Log linear or dB scales?

Log linear or dB scales? Which should you use?

Log and dB scales better for analyzing vibration velocity spectra. Here’s why:

Log or dB scales allow you to see small amplitude peaks in the presence of large amplitude peaks. The small amplitude peaks may be your rolling element bearing defects whereas large peaks may be 1x and vane or blade pass frequencies.

Think about trying to photograph your friend standing next to a large building, where the top of the building needs to be in the photo. In a linear scale this will only work if the building is less than ten times taller than the person. If it is greater than this you can see the top of the building but your friend is cut off at the bottom – or you can see your friend but not the top of the building. When using a linear scale, one must re-scale the graph to see both. This takes time!

In a log or dB scale, the building can be 1,000 times taller and you can still see both the building and your friend in the picture. In other words, you can see large peaks like vane pass along side small peaks like bearing tones.

Because the log or dB scale allows you to view all of the important data in one graph, it also means that you can use a fixed graph scale instead of auto-scaling the graphs. This offers another HUGE benefit.
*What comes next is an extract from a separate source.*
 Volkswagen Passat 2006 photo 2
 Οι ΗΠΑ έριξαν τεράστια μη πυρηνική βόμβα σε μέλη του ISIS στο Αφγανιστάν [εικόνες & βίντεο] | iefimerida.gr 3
When all of your graphs are always scaled the same way it gets very easy for your eyes and your mind to pick out patterns and to compare one plot to another – say from different test points, test dates or different axes on the same machine. This drastically speeds up the analysis process. No more rescaling every graph or trying to figure out how high the peaks are!

A benefit of dB over log is that the vertical scale in a dB plot is “linear” and the log part is contained in the unit itself. This means that you can look at a peak in the spectrum and estimate its amplitude without clicking on it. You cannot do this with a log scale because the scale is graduated. (it goes up by factors of 10)

In a dB scale just remember that an increase of 6 dB is a doubling of amplitude. When using the imperial version of VdB (velocity decibels) a good fixed scale to use is 60 – 120 VdB. The reference for (imperial) VdB is 0.0000003937 in/s – your software might ask you to input this reference value. The metric reference for VdB is 10^-8 m/s.

Changing unit scales is a button click away in most software programs. It does not effect how the data was collected or how it is stored, it is simply a way to view the data. Therefore there is nothing to lose by giving it a try. You can always easily switch back to your preferred scaling without effecting the data in any way.

Log linear or dB? I would recommend giving dB (or more specifically VdB) a try.